== GIVEN DATA ==
BEGIN
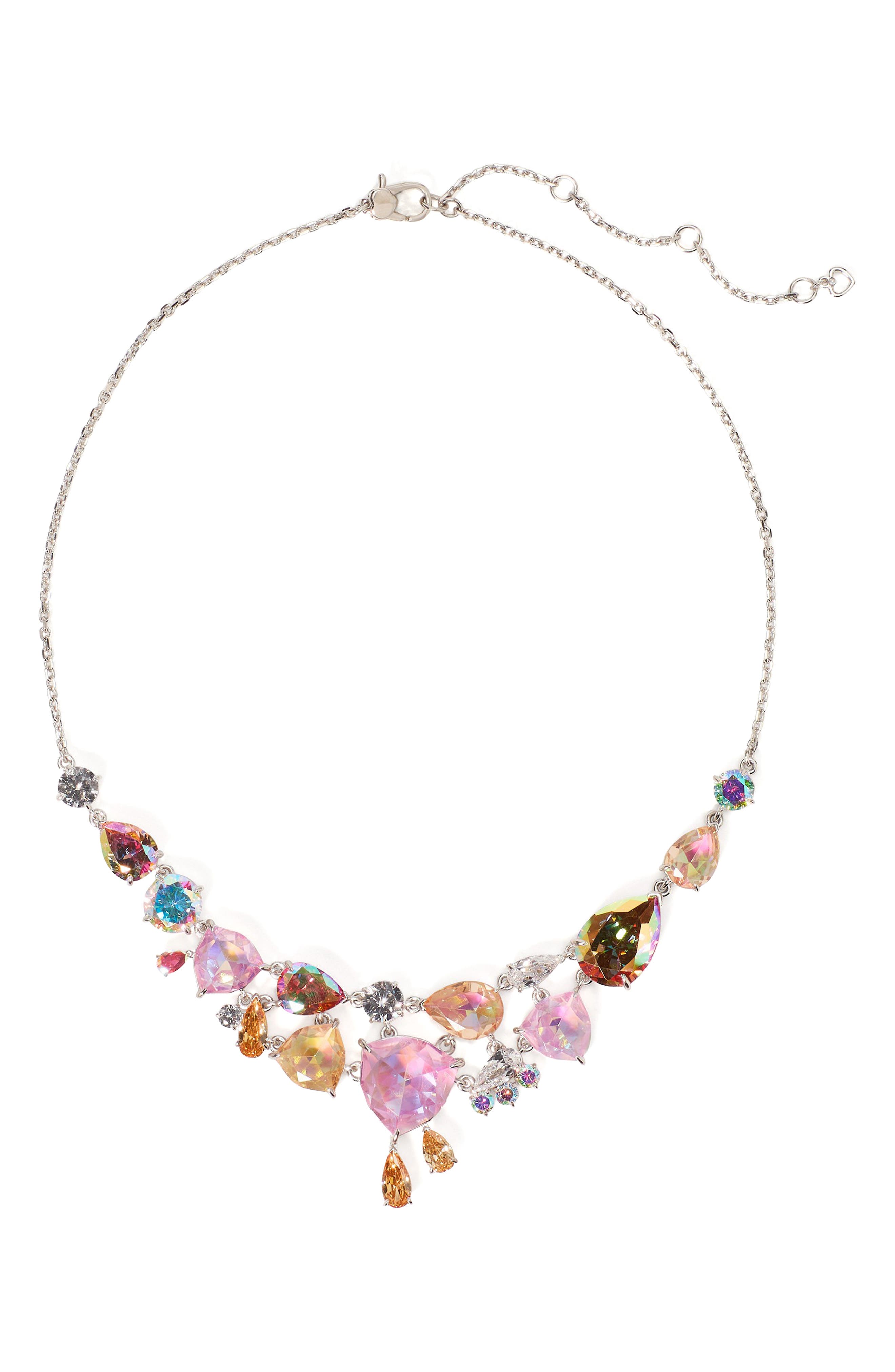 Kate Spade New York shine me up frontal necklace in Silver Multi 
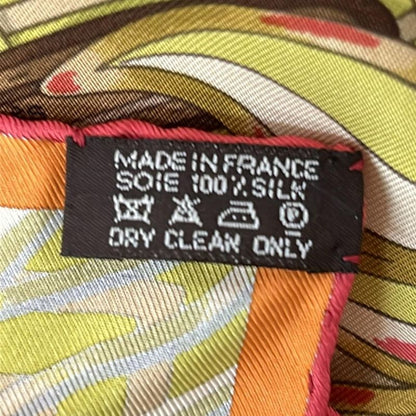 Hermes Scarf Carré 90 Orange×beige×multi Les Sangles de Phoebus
END
BEGIN
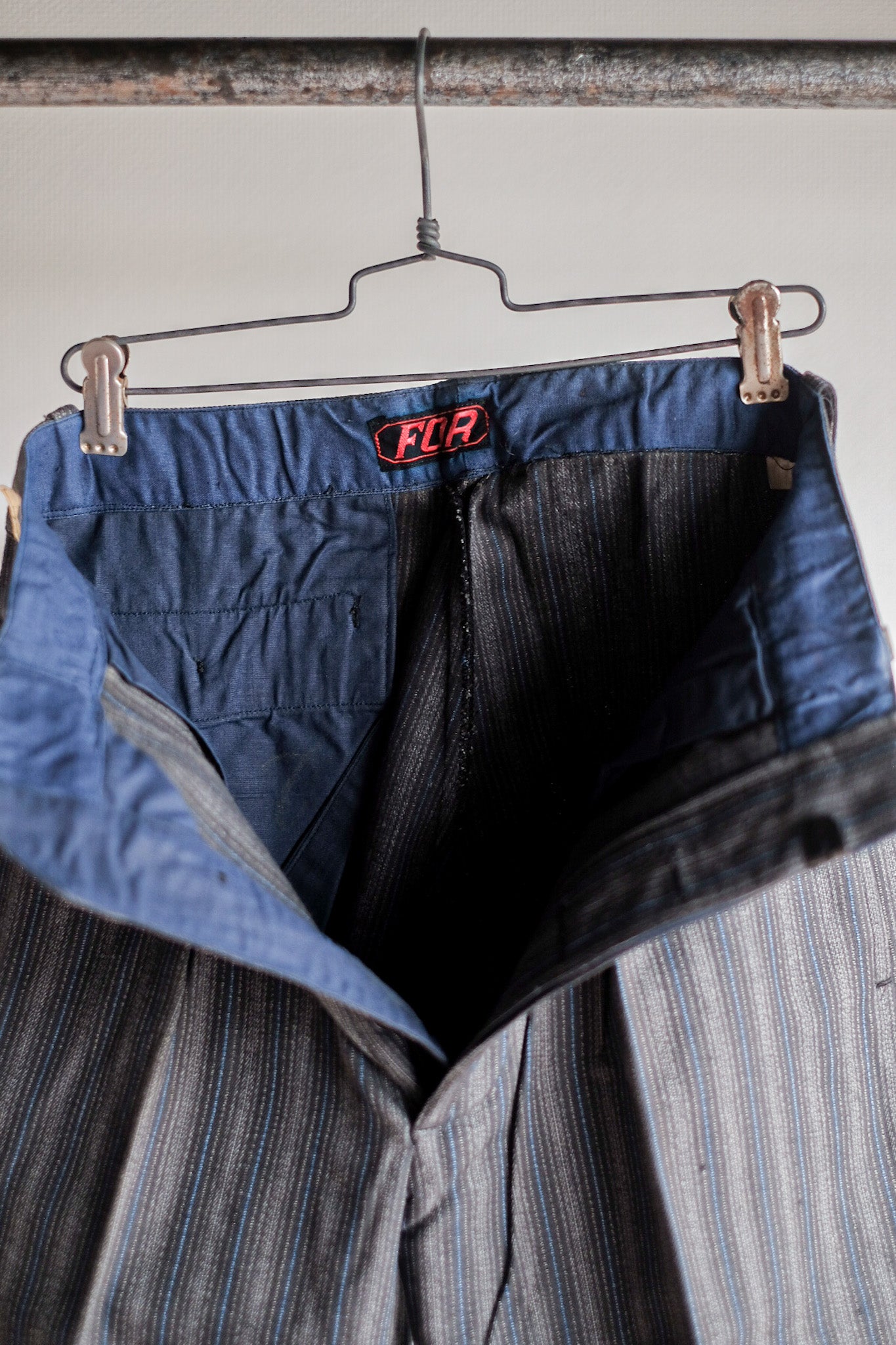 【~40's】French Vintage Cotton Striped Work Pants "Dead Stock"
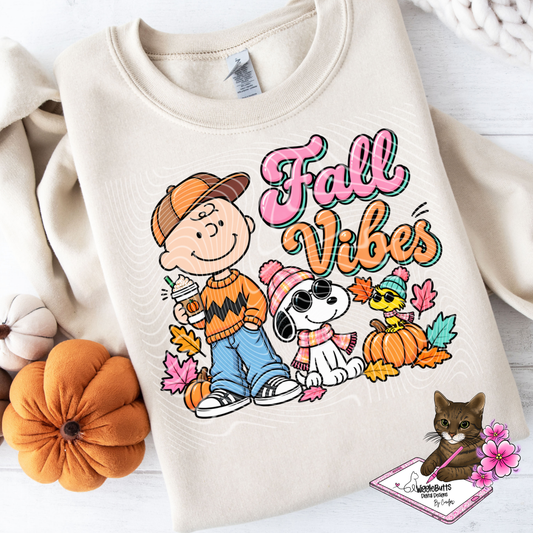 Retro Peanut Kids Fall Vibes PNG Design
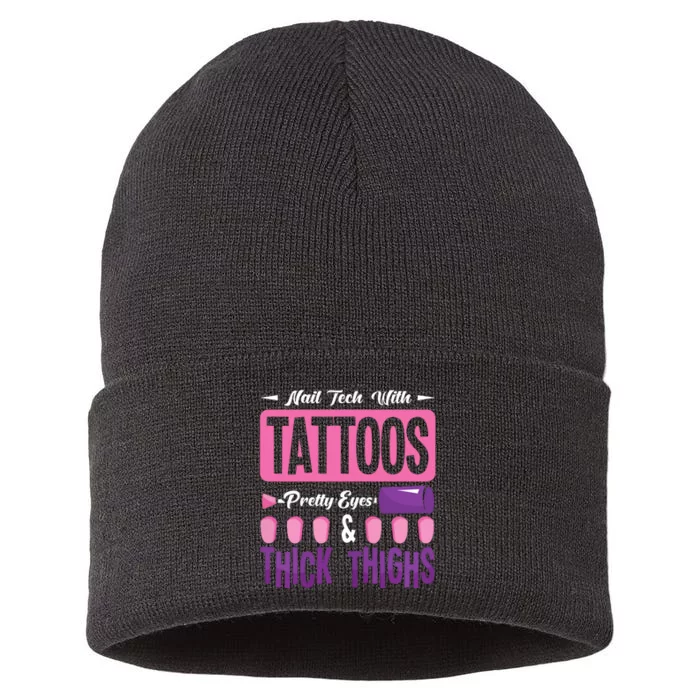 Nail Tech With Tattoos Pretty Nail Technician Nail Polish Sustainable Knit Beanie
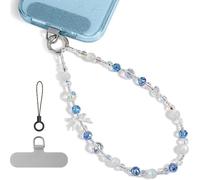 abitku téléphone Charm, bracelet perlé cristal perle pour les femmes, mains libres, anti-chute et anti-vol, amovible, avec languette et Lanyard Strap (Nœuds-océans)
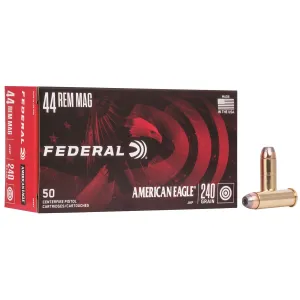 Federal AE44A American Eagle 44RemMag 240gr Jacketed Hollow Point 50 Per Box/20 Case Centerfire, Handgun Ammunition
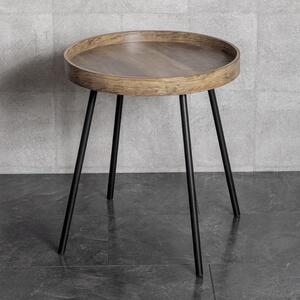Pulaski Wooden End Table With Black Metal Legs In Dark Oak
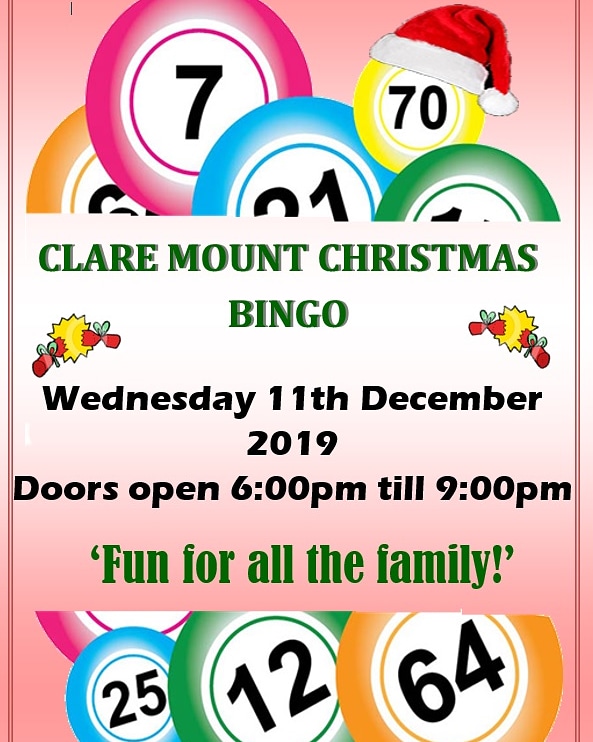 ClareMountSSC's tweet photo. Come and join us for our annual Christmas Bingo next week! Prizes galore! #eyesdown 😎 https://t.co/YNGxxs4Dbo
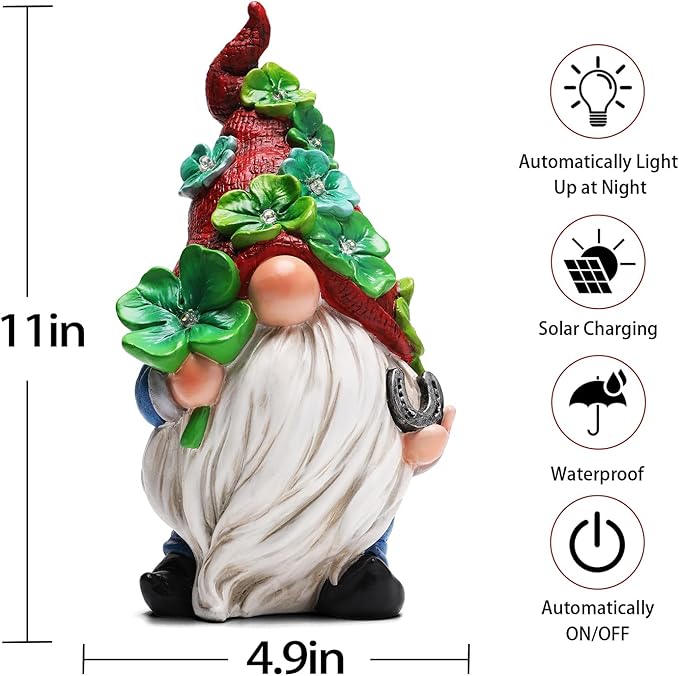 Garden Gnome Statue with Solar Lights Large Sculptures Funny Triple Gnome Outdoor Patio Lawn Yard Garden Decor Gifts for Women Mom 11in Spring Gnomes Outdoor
END
== YOUR OBJECTIVE ==
Nothing but the lines above, starting at the line that contains "Retro Peanut Kids Fall Vibes PNG Design" and ending at the line that contains "Garden Gnome Statue", should be given again, exactly and without the pictures.

== FINISHED EXERCISE ==
 Retro Peanut Kids Fall Vibes PNG Design
 Nail Tech With Tattoos Pretty Nail Technician Nail Polish Sustainable Knit Beanie
 abitku téléphone Charm, bracelet perlé cristal perle pour les femmes, mains libres, anti-chute et anti-vol, amovible, avec languette et Lanyard Strap (Nœuds-océans)
 Federal AE44A American Eagle 44RemMag 240gr Jacketed Hollow Point 50 Per Box/20 Case Centerfire, Handgun Ammunition
Pulaski Wooden End Table With Black Metal Legs In Dark Oak
 ClareMountSSC's tweet photo. Come and join us for our annual Christmas Bingo next week! Prizes galore! #eyesdown 😎 https://t.co/YNGxxs4Dbo
 Garden Gnome Statue with Solar Lights Large Sculptures Funny Triple Gnome Outdoor Patio Lawn Yard Garden Decor Gifts for Women Mom 11in Spring Gnomes Outdoor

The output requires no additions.